- Opening Delimiter -

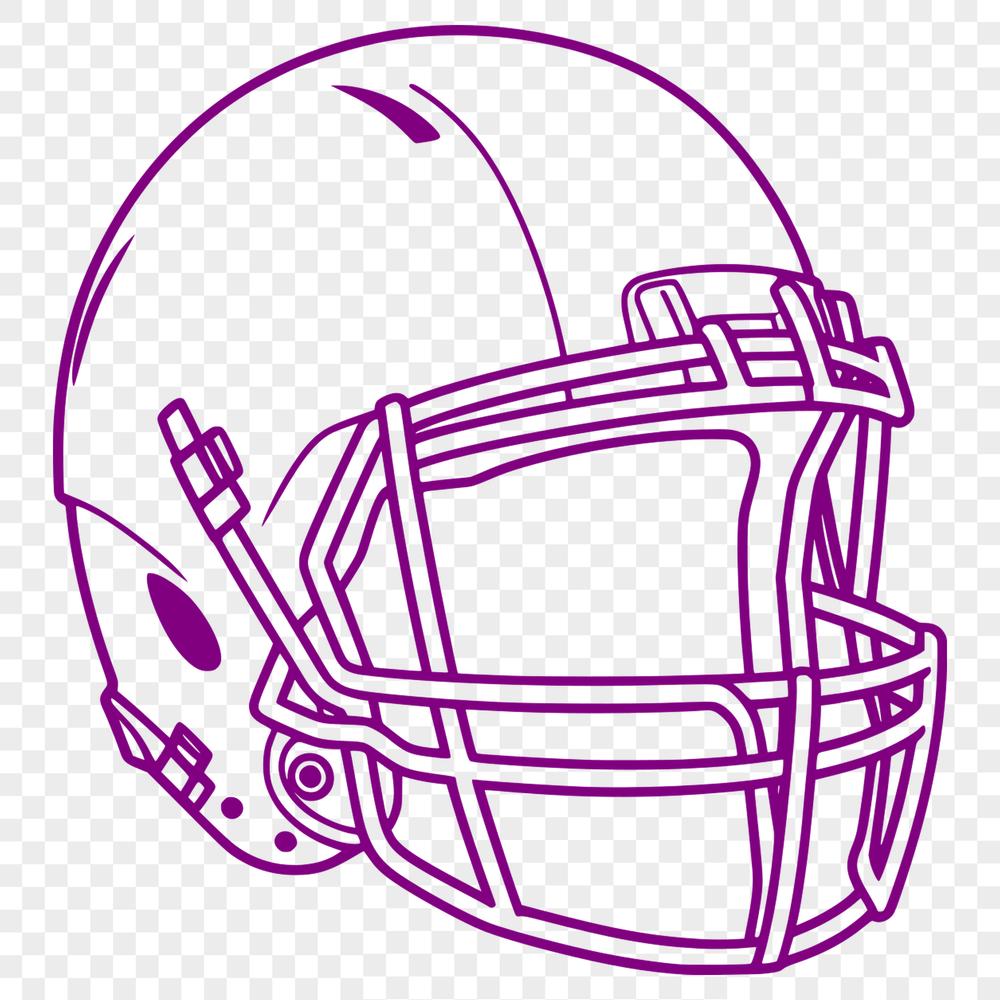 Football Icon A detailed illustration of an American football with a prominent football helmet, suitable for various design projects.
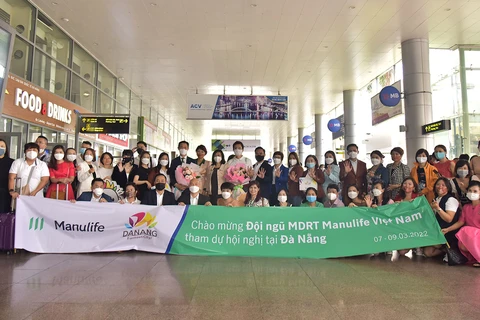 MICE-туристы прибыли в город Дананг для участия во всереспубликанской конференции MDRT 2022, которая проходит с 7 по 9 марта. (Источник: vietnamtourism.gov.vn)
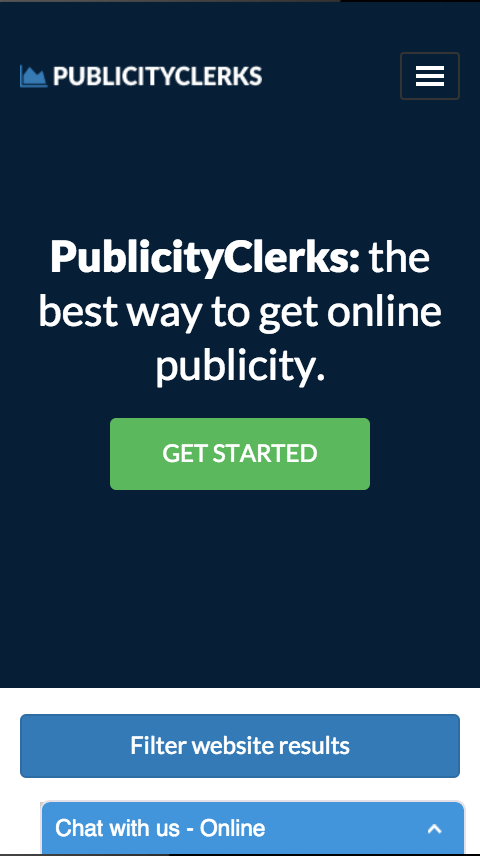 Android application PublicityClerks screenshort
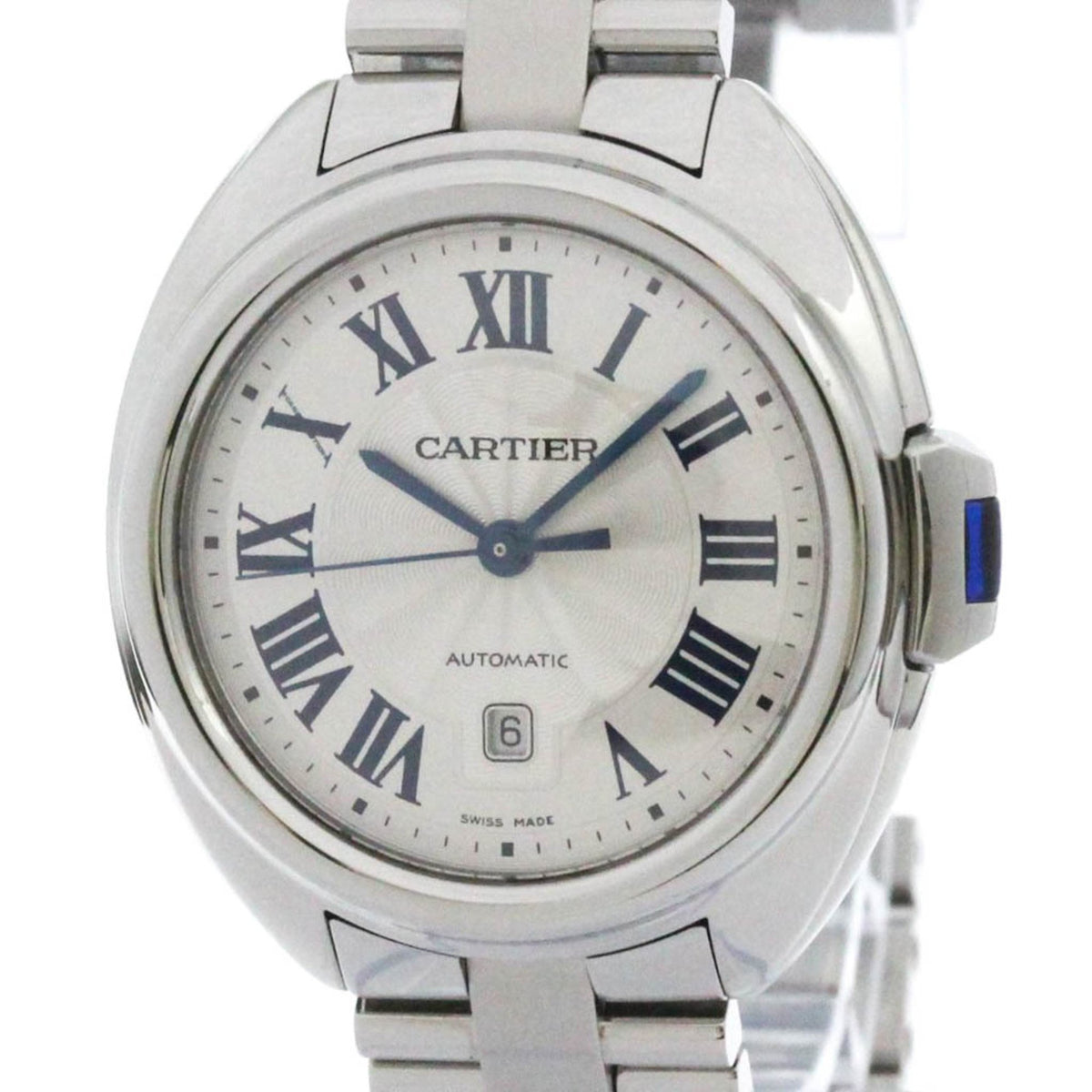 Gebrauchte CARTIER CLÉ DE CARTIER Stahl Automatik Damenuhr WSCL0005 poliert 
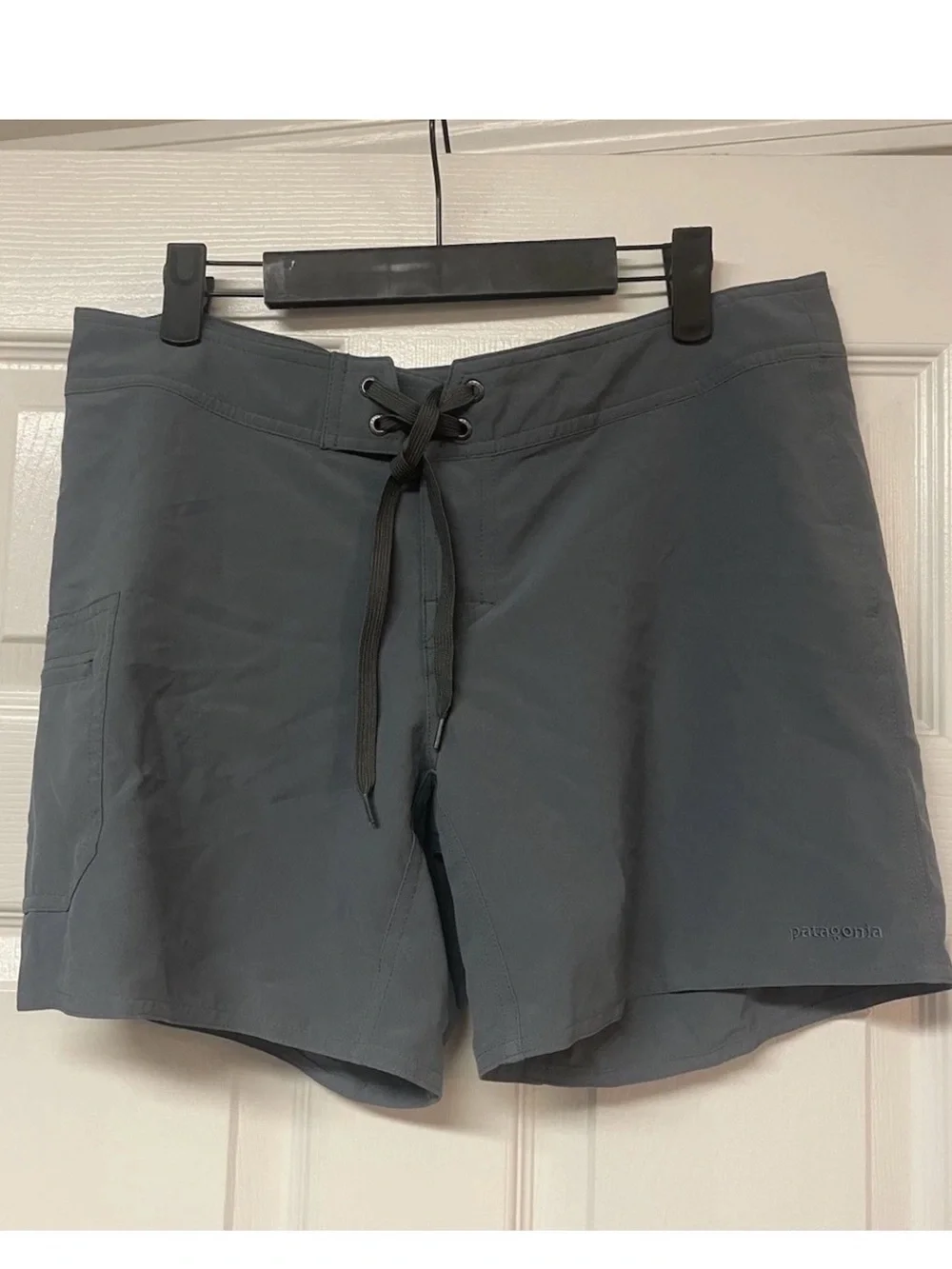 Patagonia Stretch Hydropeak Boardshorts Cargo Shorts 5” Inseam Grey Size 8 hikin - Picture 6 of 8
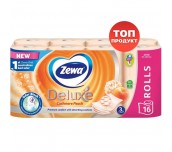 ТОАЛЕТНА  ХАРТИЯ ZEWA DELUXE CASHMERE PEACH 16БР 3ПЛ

- Closing Delimiter -

What is needed here is an exact copy of every record, with the pictures left out.

## Answer to this problem
 Football Icon A detailed illustration of an American football with a prominent football helmet, suitable for various design projects.
 MICE-туристы прибыли в город Дананг для участия во всереспубликанской конференции MDRT 2022, которая проходит с 7 по 9 марта. (Источник: vietnamtourism.gov.vn)
 Android application PublicityClerks screenshort
 Gebrauchte CARTIER CLÉ DE CARTIER Stahl Automatik Damenuhr WSCL0005 poliert 
 Patagonia Stretch Hydropeak Boardshorts Cargo Shorts 5” Inseam Grey Size 8 hikin - Picture 6 of 8
 ТОАЛЕТНА  ХАРТИЯ ZEWA DELUXE CASHMERE PEACH 16БР 3ПЛ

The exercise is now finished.